[
https://issues.apache.org/jira/browse/HBASE-27054?page=com.atlassian.jira.plugin.system.issuetabpanels:comment-tabpanel&focusedCommentId=17539749#comment-17539749
]
David Manning commented on HBASE-27054:
---------------------------------------
[~apurtell] Do we know if this is a recent regression, or has it always been
flaky? My initial thought is that there may be some randomness (it is a
stochastic balancer after all) which leads to this end result. I don't believe
any recent changes would have caused this to become more flaky, but I suppose
it's possible. HBASE-26311 is interesting, since it changes calculations to use
standard deviation. [~claraxiong]
Why does the error message say it failed after 77 seconds? The test takes 3
minutes to run for me locally, which is the configured timeout for the balancer
in {{StochasticBalancerTestBase2}}. Is there a link to a test failure with full
logs that I can inspect? (Note, 3 minute timeout was updated in HBASE-25873.
Previous value was 90 seconds.)
With region replicas involved, the {{RegionReplicaCandidateGenerator}} will
just move a colocated replica to a random server, without consideration of how
many regions that target server is hosting.
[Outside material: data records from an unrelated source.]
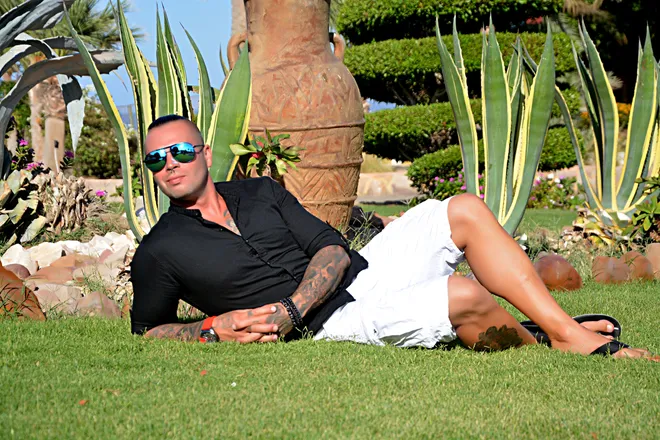 OnlyFans cuenta mr_inked header 2
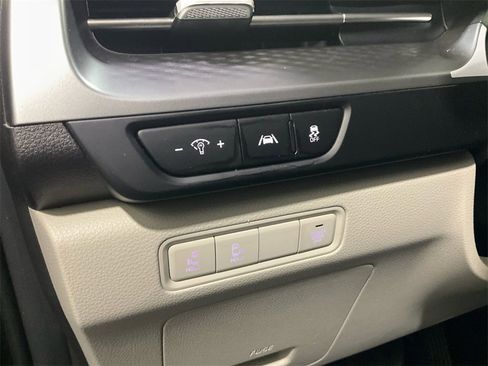 Used 2024 Kia Carnival LX image 24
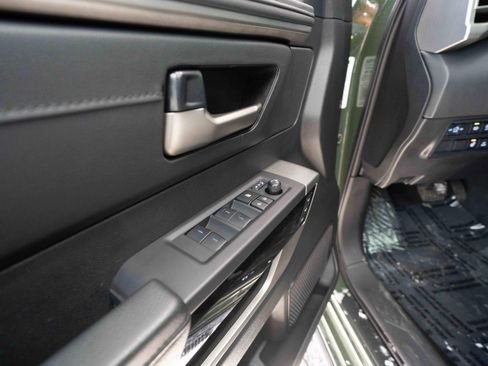 Used 2023 Toyota Tundra Limited image 7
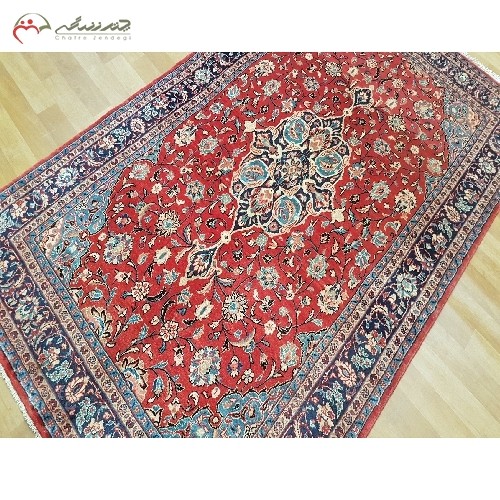 فرش دستبافت ساروق کد 39534  در طرح لچک و ترنج، درای ضمانت رنگ و نخ بادوام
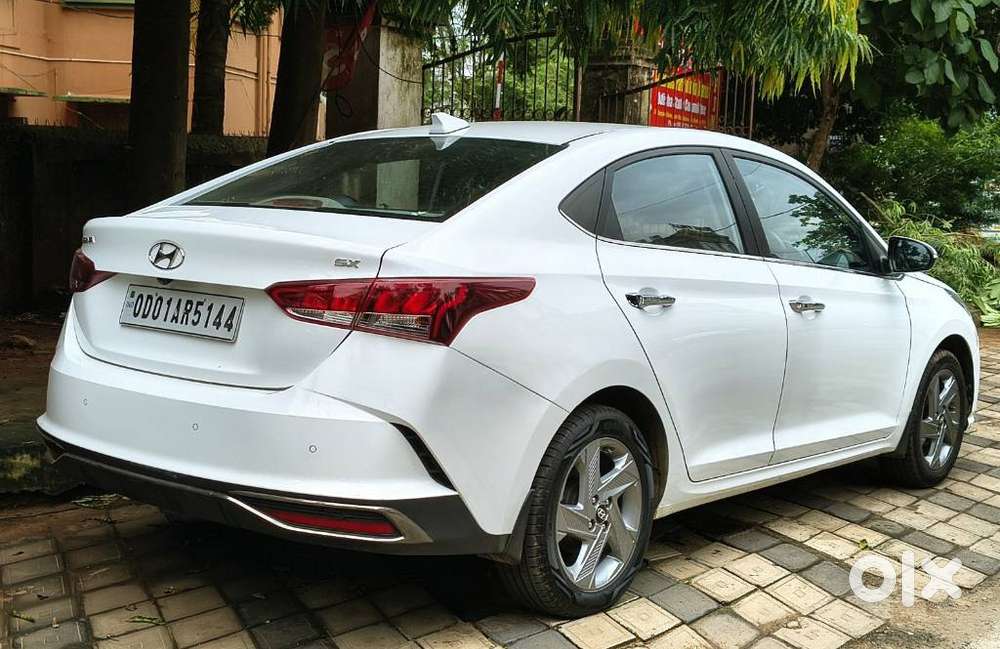 Hyundai Verna 1.5 Sx (o) Petrol Mt, 2023, Petrol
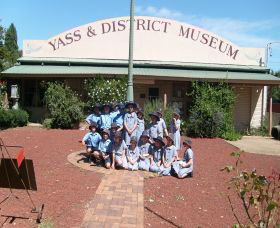 Yass And District Museum - Darwin Holiday 0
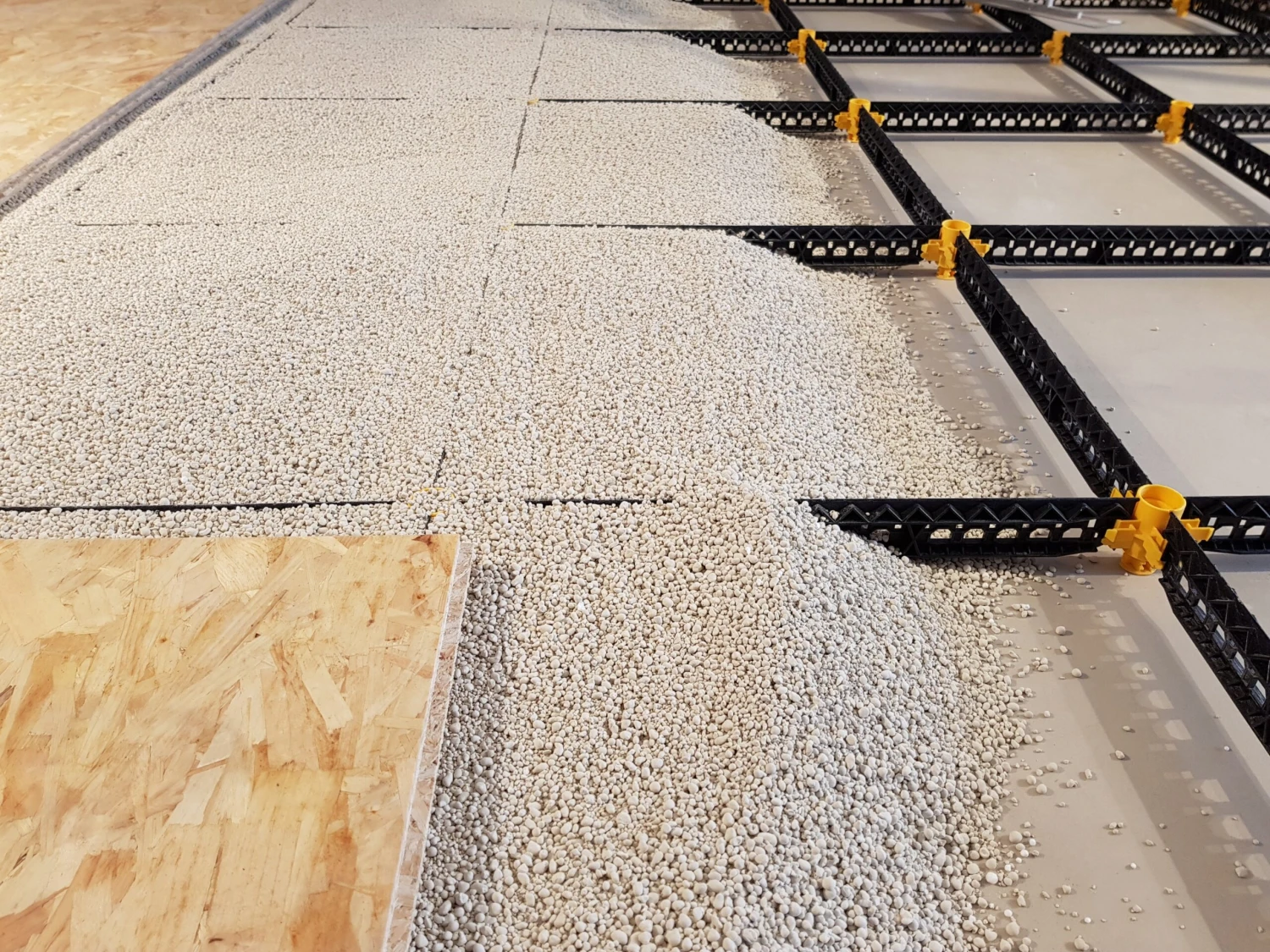 Grille De Nivelage Staenis Pour Chape Et Dalle 20 M² : 160 Barres Et 100 Pieds 13 Grille De Nivelage Staenis Pour Chape Et Dalle 20 M² : 160 Barres Et 100 Pieds – Image 11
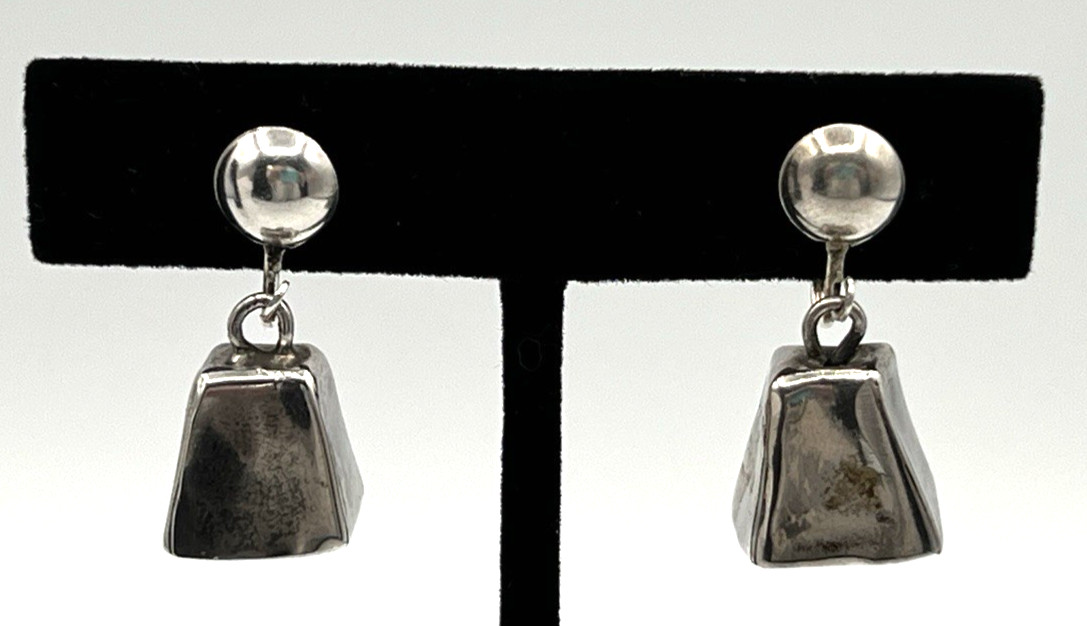 VTG NAVAJO MOTHER-IN-LAW BELL EARRINGS STERLING SILVER WORKING CLAPPERS 1940\'S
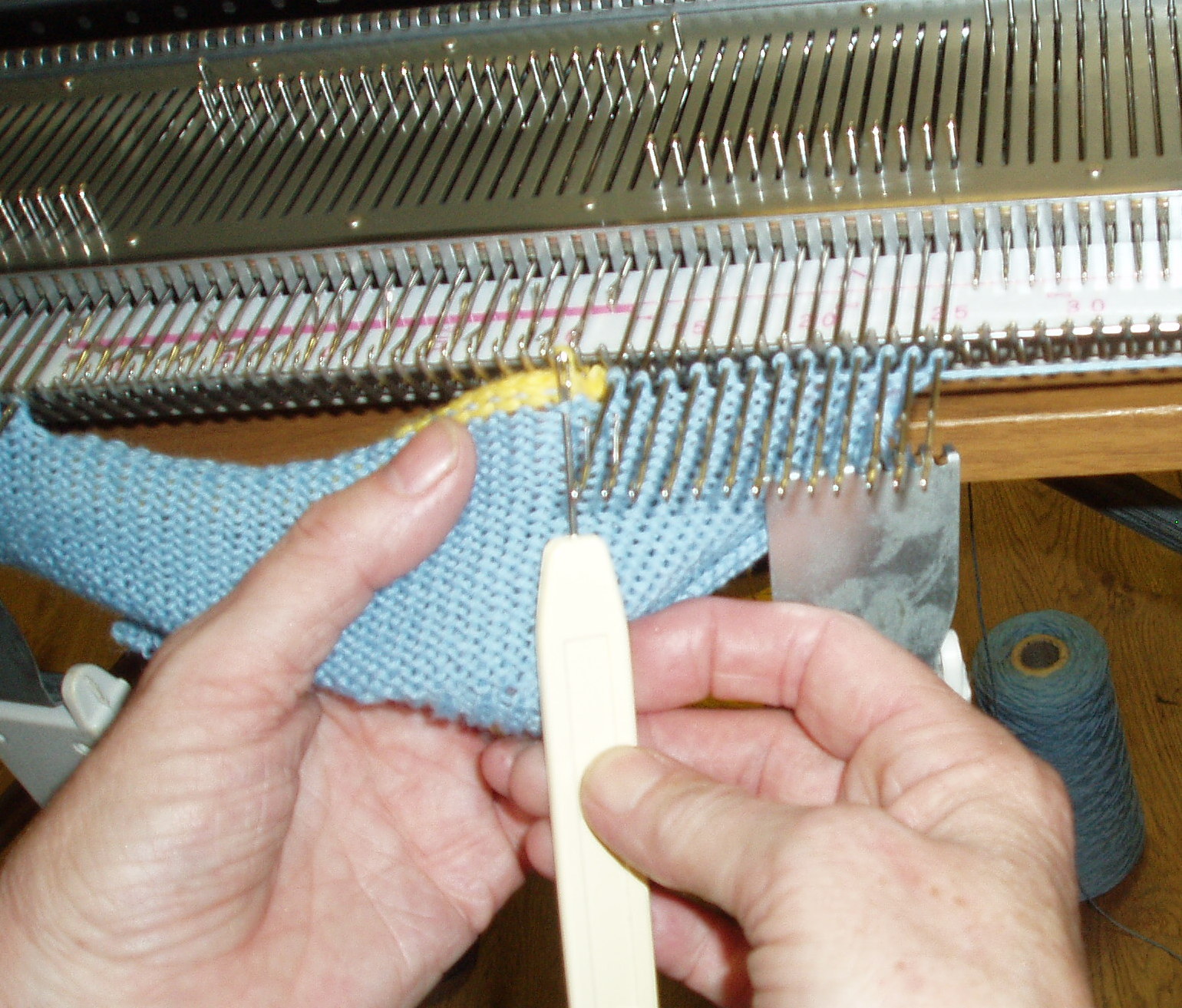 Picking up from below the waste knitting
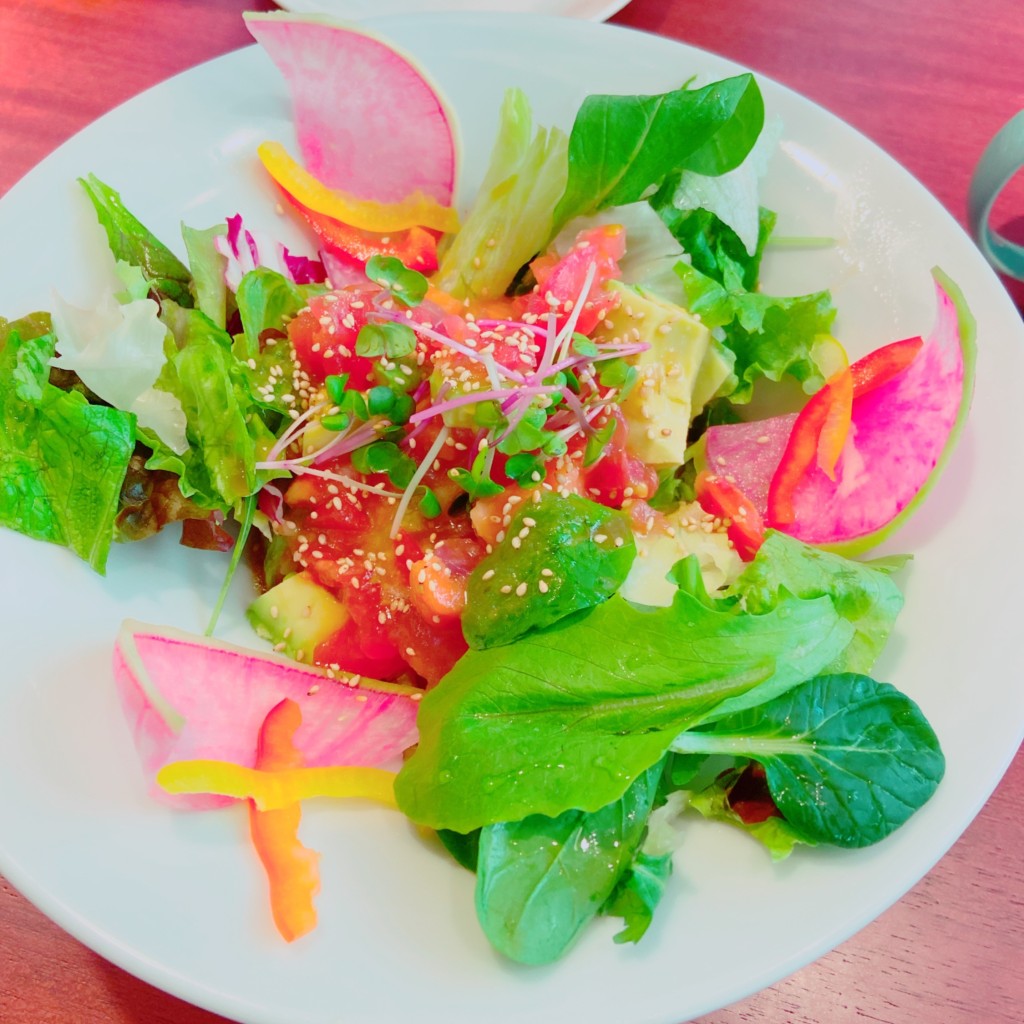 ユーザーが投稿したサーモンポキの写真 - 実際訪問したユーザーが直接撮影して投稿した新宿ハワイ料理ラ・オハナ 逗子海岸店の写真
The cost functions will allow it in
basically every case, since it heavily prioritizes resolving colocated
replicas. So maybe by the time all the region replicas have been resolved, the
number of moves is already pushing limits of one balancer iteration, with
having randomly overloaded one regionserver.
A situation that the balancer will have a difficult time getting out of is if
one regionserver is hosting 61 replicas of 61 regions, and another regionserver
is hosting 59 regions, which are replicas of those 61 regions. The
{{LoadCandidateGenerator}} will keep trying to take a region from the server
with 61 and give it to the server with 59, but because there is already a
replica that matches, it will be too expensive to move. But as long as we can
process enough iterations, probabilistically speaking we should be able to get
to one of the 2 safe regions to move... when I run this test locally I see
nearly 4 million iterations, and with 1/4 of those using the
{{LoadCandidateGenerator}} it seems like we should generally find a solution
that moves them all.
{code}
Finished computing new moving plan. Computation took 180001 ms to try 3975554
different iterations. Found a solution that moves 50006 regions; Going from a
computed imbalance of 0.9026309610781538 to a new imbalance of
5.252006025578701E-5. funtionCost=RegionCountSkewCostFunction :
(multiplier=500.0, imbalance=0.0); PrimaryRegionCountSkewCostFunction :
(multiplier=500.0, imbalance=0.0); MoveCostFunction : (multiplier=7.0,
imbalance=0.8334333333333334, need balance); RackLocalityCostFunction :
(multiplier=15.0, imbalance=0.0); TableSkewCostFunction : (multiplier=35.0,
imbalance=0.0); RegionReplicaHostCostFunction : (multiplier=100000.0,
imbalance=0.0); RegionReplicaRackCostFunction : (multiplier=10000.0,
imbalance=0.0); ReadRequestCostFunction : (multiplier=5.0, imbalance=0.0);
CPRequestCostFunction : (multiplier=5.0, imbalance=0.0);
WriteRequestCostFunction : (multiplier=5.0, imbalance=0.0);
MemStoreSizeCostFunction : (multiplier=5.0, imbalance=0.0);
StoreFileCostFunction : (multiplier=5.0, imbalance=0.0);
{code}
Since the test case is also using 100 tables, and there is a
{{TableSkewCostFunction}} involved, it's also possible that the balancer is
happy with a slightly uneven region count balance, because balancing the last
region would push towards an imbalance of tables if the target regionserver
already has too many regions of that table for every region that is chosen. I
don't know if the math would support this, though. If it does, it's possible
that out of the last 61 regions, moving any region to the server with 59 would
either cause table skew or colocated replicas, and so the balancer cannot fully
balance based on the simple {{LoadCandidateGenerator}} alone.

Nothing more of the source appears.